Cloud-init base image: how new VMs join the fleet

The Ubuntu 24.04 cloud-init base image, the user-data convention, and how a new platform VM goes from libvirt define to SSH-as-zahid in a few minutes.

Every supporting VM in the lab — Vault, Jenkins, SigNoz, monitoring-0, Trivy, DefectDojo, docker-runtime, Kafka, Redis, WSO2, MinIO, Nexus, the DNS host, the HAProxy edge — was created from the same Ubuntu 24.04 cloud-init base image, with the same MAC/IP allocation pattern and the same SSH key set. This page documents that single shared build path so any new VM in this fleet starts from the same place.

What is in scope

This section is about non-OpenShift VMs. OpenShift nodes use RHCOS, the Agent-based Installer, and a different bootstrap path entirely (Ignition, machine-config operator, etc.). That work lives in §6 “OpenShift platform” of the docs site.
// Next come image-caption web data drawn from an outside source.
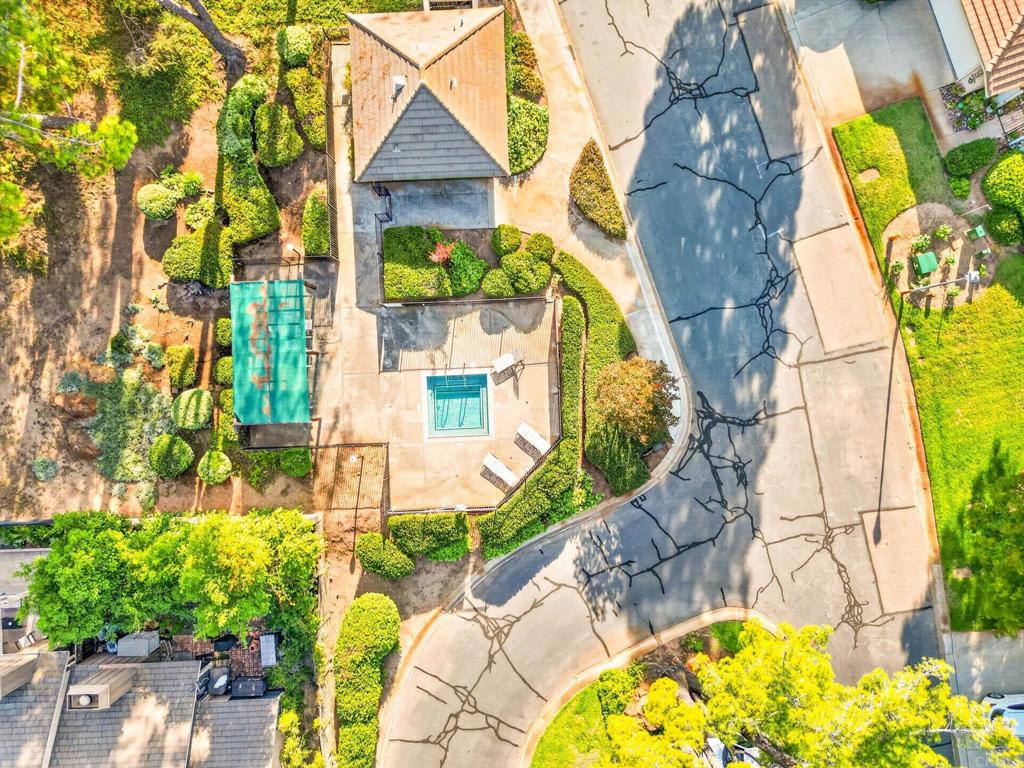 https://media.crmls.org/mediaz/d122fbbe-268c-42de-b404-f01ff9db2d22.jpg?preset=X-Large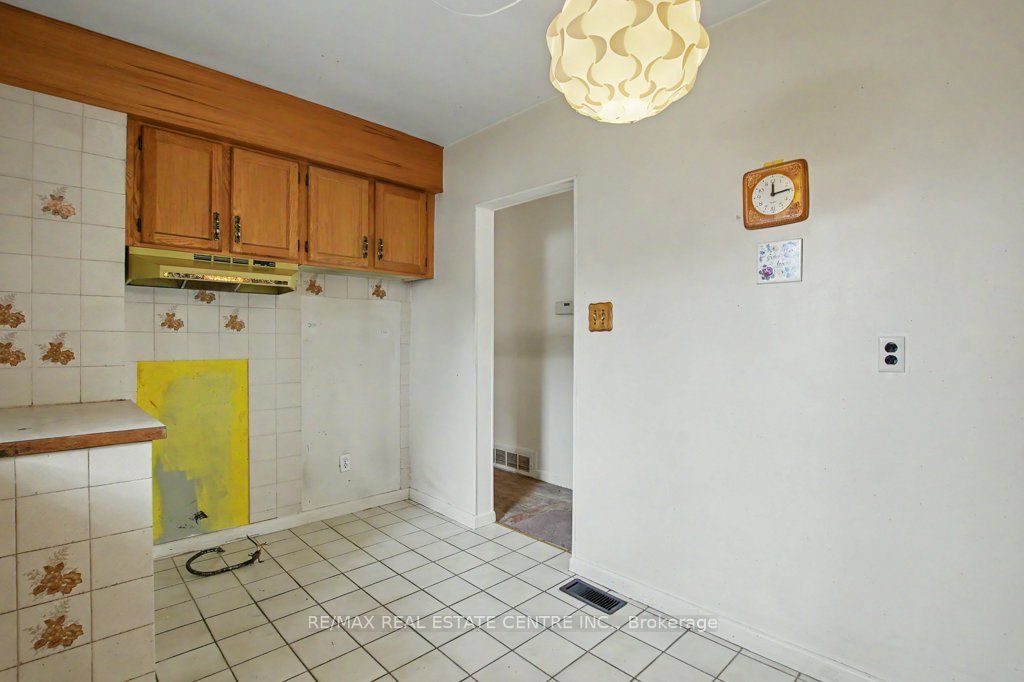 189 Wakefield Road Property Photo 13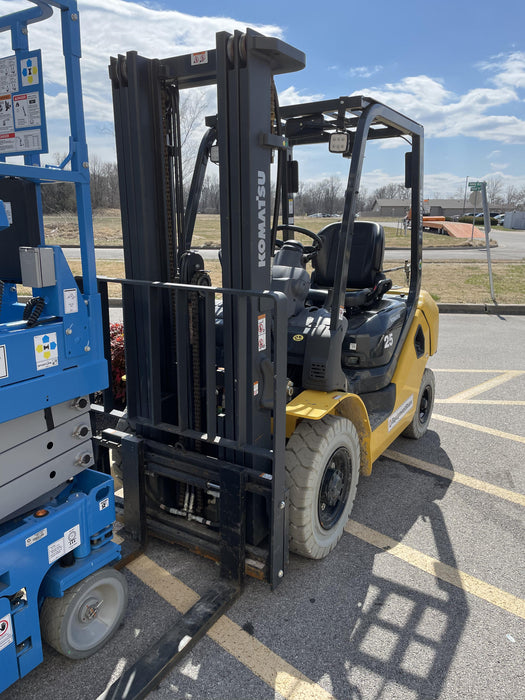 2021 KOMATSU FG25T-16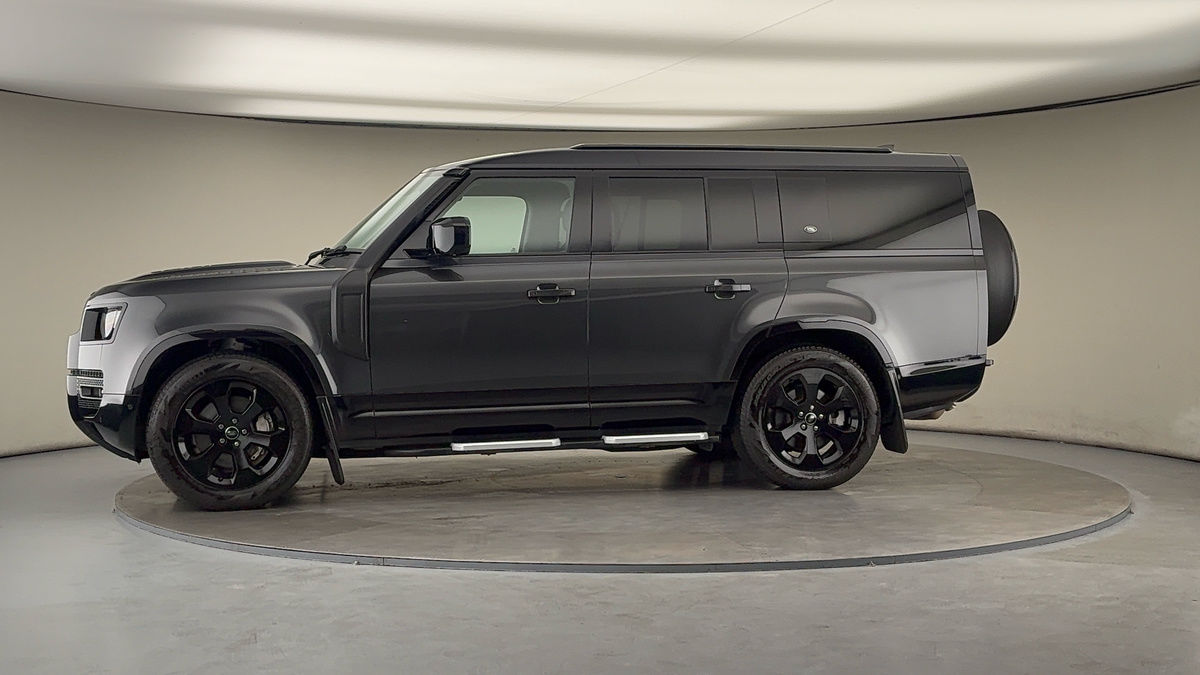 Used Land Rover Defender 130 2022 for sale - 76267784: Photo 30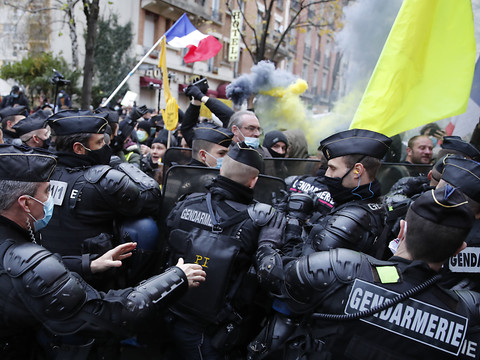 France: manifestations tendues pour la défense des libertés, scènes de vandalisme à Paris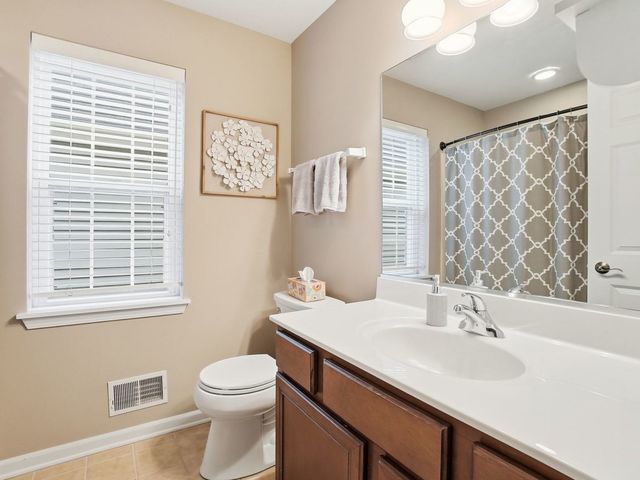0N422 TAYLOR Drive, Geneva, IL 60134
The VMs covered here all share four properties:

  1. They run Ubuntu 24.04 LTS as their guest OS.
  2. They live on the lab Linux bridge br30 with static addressing inside the lab /16.
  3. They are bootstrapped from a single qcow2 base image plus a small per-VM cloud-init seed.
  4. They are administered through a single SSH user ze (and lab admin zahid where applicable per the service-specific ADR).

The base image

ItemValue
Path on each hypervisor/var/lib/libvirt/images/ubuntu-24.04-base.qcow2
OSUbuntu 24.04.4 LTS (noble)
Kernel6.8.x
QEMU agentInstalled
Default userubuntu (replaced at first boot by cloud-init)
Initial sizesmall (resized at clone time, typically to 100G OS + a data disk)
Image lineageBuilt from the upstream Ubuntu cloud image

It is a generic cloud-image qcow2 — no lab-specific provisioning is baked in. Lab-specific bootstrap (package install, user creation, firewall, service install) is done by cloud-init at first boot of each cloned VM. This keeps the base image swappable when Ubuntu issues a new image; the cloud-init layer is where the per-VM truth lives.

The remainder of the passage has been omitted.